Woodside Energy books £3.6bn depreciation expense
Australia’s Woodside Energy Group will book a nearly £3.6bn ($4.4bn) expense this year, as changes in its asset depreciation calculation method outweighed a tax benefit and a reversal of an impairment charge.
The country’s biggest independent gas producer revealed it had reviewed the methodology it follows to calculate depreciation of its oil and gas properties, after taking into account the scale of its portfolio since acquiring BHP Group’s petroleum assets.
It now plans to depreciate oil and conventional gas assets based on proven reserves, instead of the prior method where proven and probable reserves were both considered.
Analysts at Citi said the 2023 expense guidance was “materially higher” than Visible Alpha consensus of $3.1bn.
Woodside Energy said it would add back $630m post-tax to the valuation of its stake in the Wheatstone liquefied natural gas (LNG) project in Western Australia, after revising up its LNG price assumptions.
The company also said it would recognise a deferred tax asset of about $1.36bn due to higher income in 2022, higher volumes of gas going through its Pluto-to-Karratha pipeline and improved future price assumptions.

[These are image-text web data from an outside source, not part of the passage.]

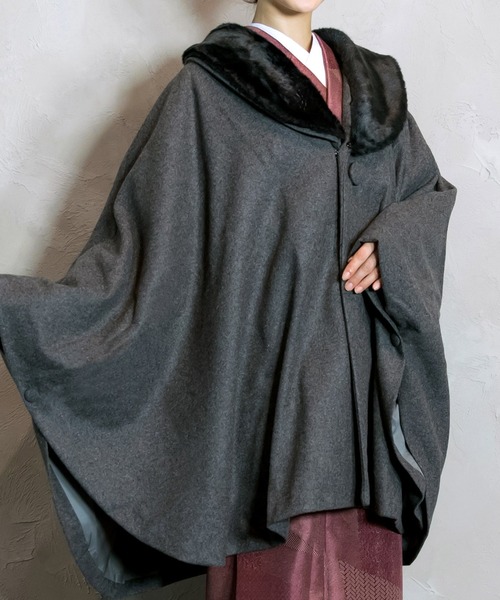 KYOETSU（京越） 着物 へちま衿和装ケープ レディース : ZOZOTOWN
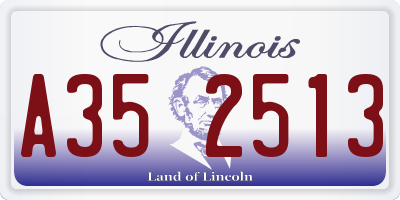 IL license plate A352513
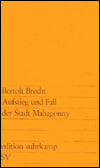 Aufstieg Und Fall Der Stadt Mahagonny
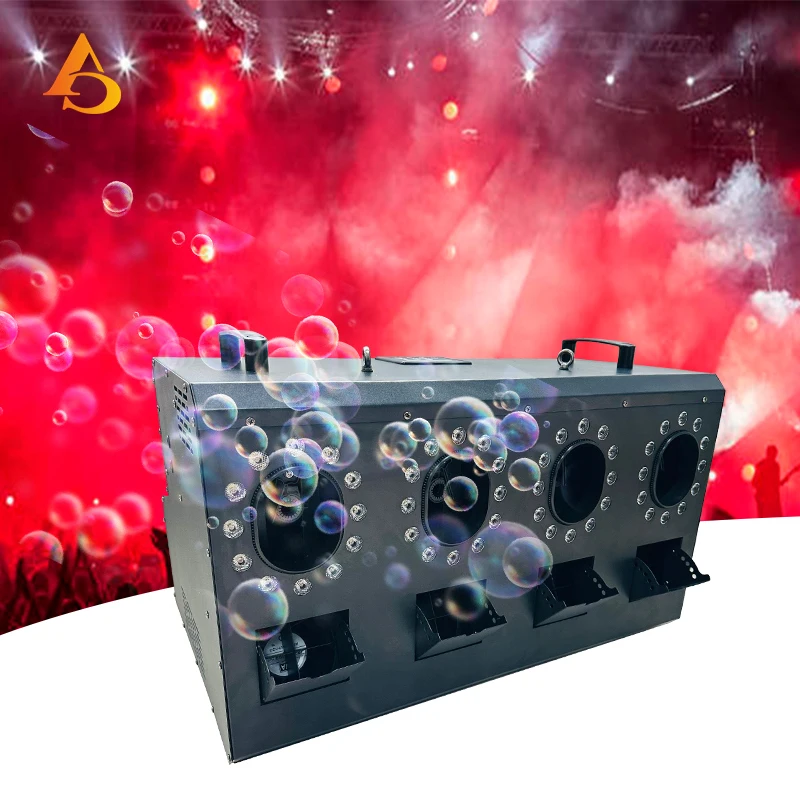 

LED Bubble 1500w 4 Ways Fog Machine DMX Remote Smoke Bubble Machine with Lights RGBW Large Capacity for Stage Events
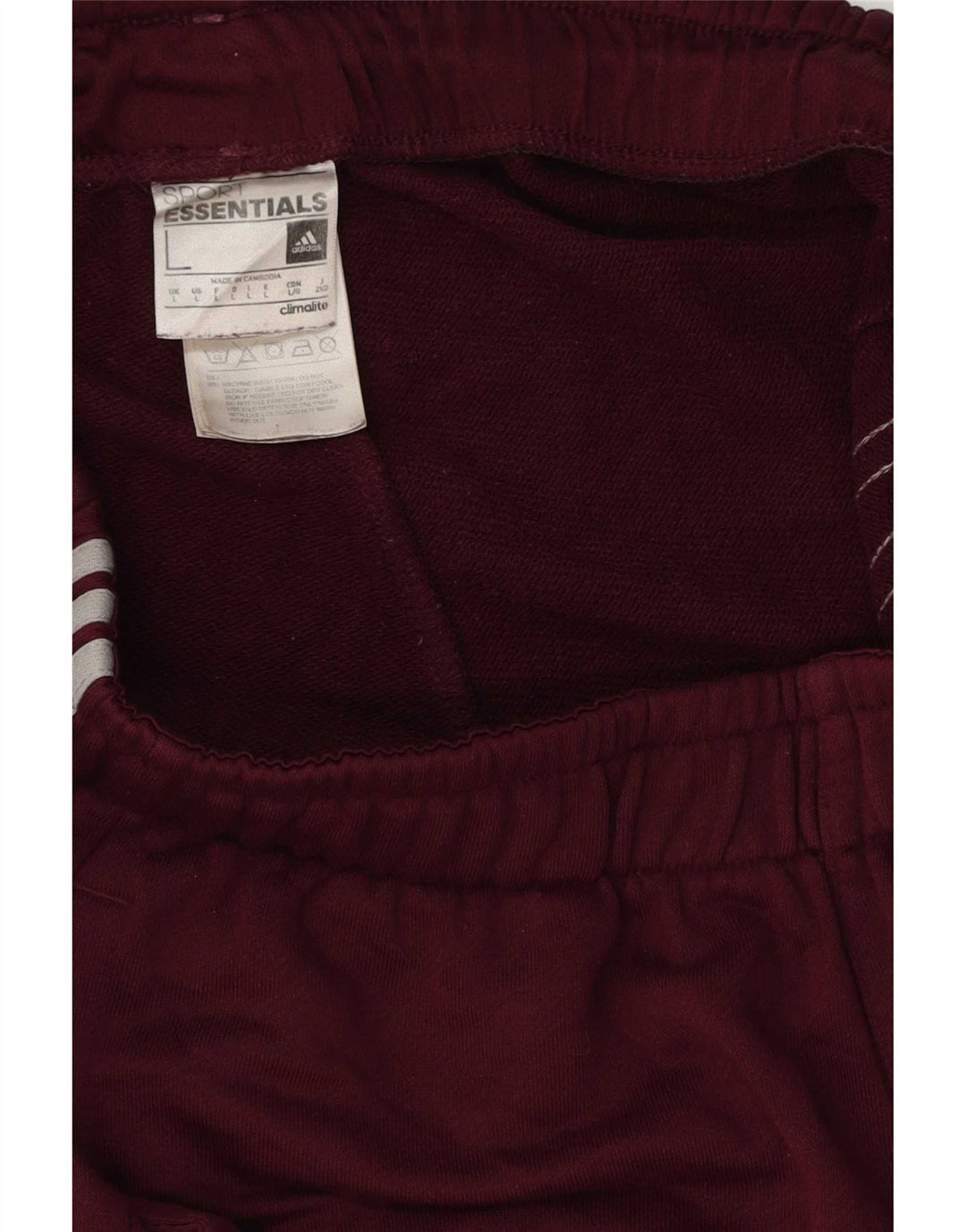 Adidas Mens Climalite Sport Shorts Large Burgundy Polyester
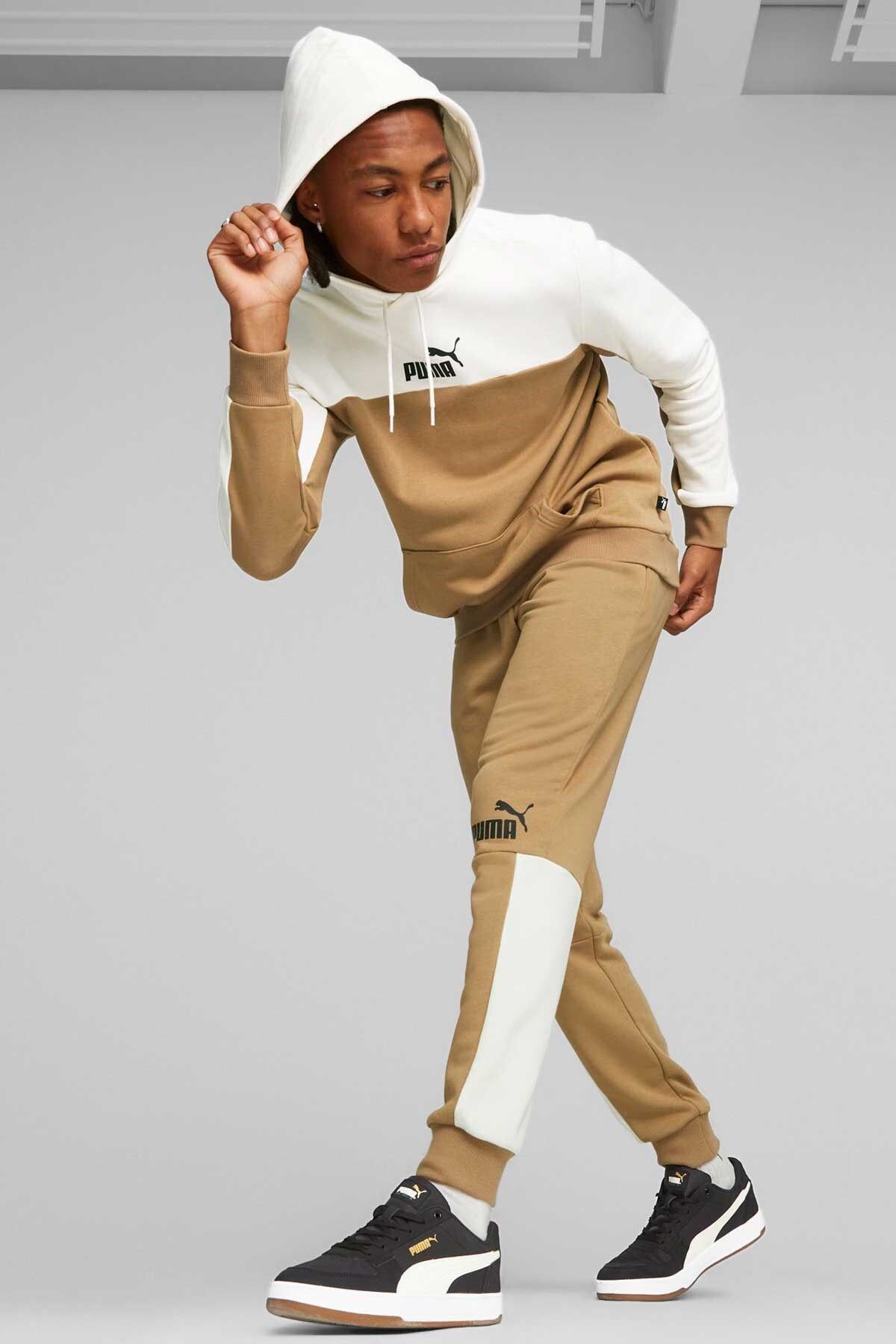 Beige puma discount tracksuit
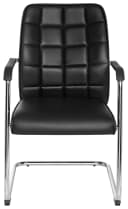 hjh OFFICE Freischwinger FLEXO V Kunstleder Grau mit Armlehnen Bild 2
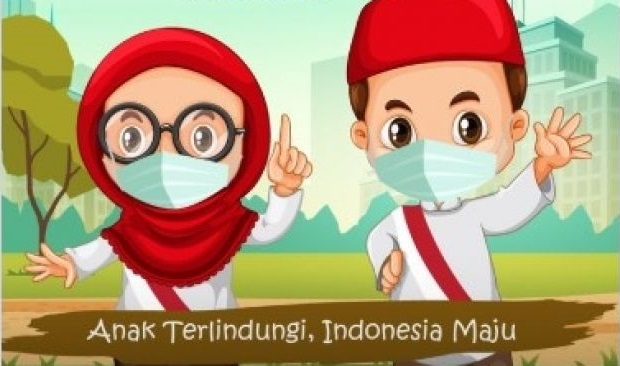 Animasi  Anak  Muslim di Poster TVRI Rayakan Hari Anak  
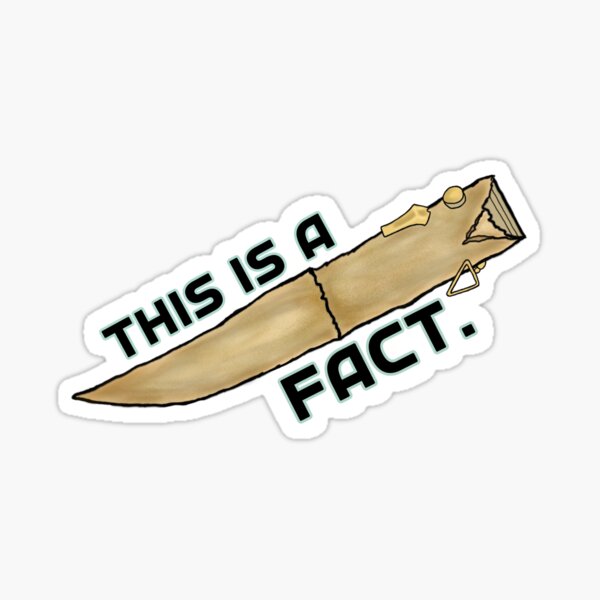 This is another fact. Sticker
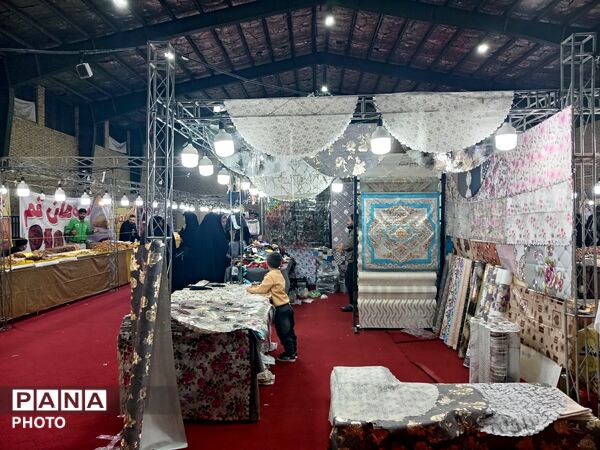 جلوه‌هایی از مراسم افتتاح نمایشگاه بهاره شهر جعفریه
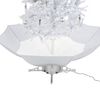 vidaXL Snowing Christmas Tree White and Silver
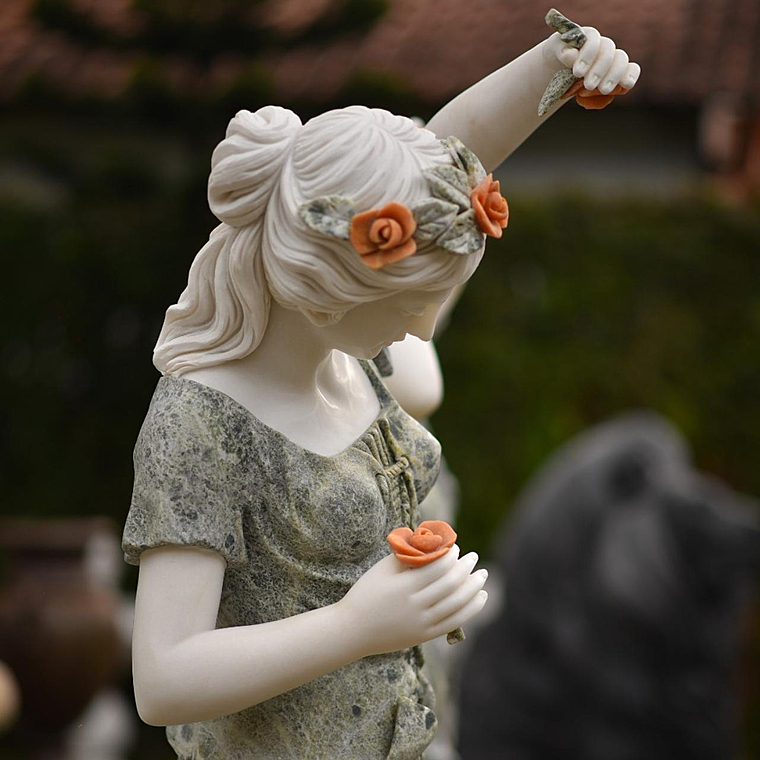 imagem do produto Escultura 4 Esta��es do Ano M�rmore Green 160cm - EMP492 Jardins de Luxo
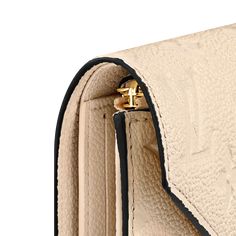 LOUIS VUITTON® - Victorine Wallet - Cream Elegant Beige Wallet With Coin Pocket, Elegant Beige Wallets With Coin Pocket, Luxury Beige Envelope Clutch, Luxury Beige Wallets With Card Slots, Luxury Beige Bifold Wallet, Luxury Leather Envelope Wallet, Luxury Leather Wallet On Chain In Beige, Luxury Beige Leather Wallet On Chain, Luxury Beige Wallet On Chain For Evening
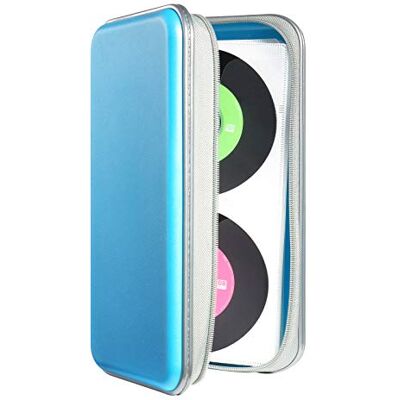 DVSICK 96 Capacity CD/DVD Case Holder Plastic Car Organizer Wallet, Protective DVD Storage (Skyblue) DVSICK 96 Capacity CD/DVD Case Holder Plastic Car Organizer Wallet, Protective DVD Storage (Skyblue)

Both the Wheatstone project impairment reversal and deferred tax asset will be recognised in 2022 annual results due on February 27, Woodside said.
The company said it would undertake planned maintenance activities across several key LNG operations this year, including an about four-week maintenance at its Pluto LNG project in Western Australia in the second quarter.
The turnaround at the North West Shelf LNG Train 1 is planned for the third quarter, which is likely to last about four weeks.
Woodside reiterated that its full-year production forecast remained unchanged at 180–190m barrels of oil equivalent.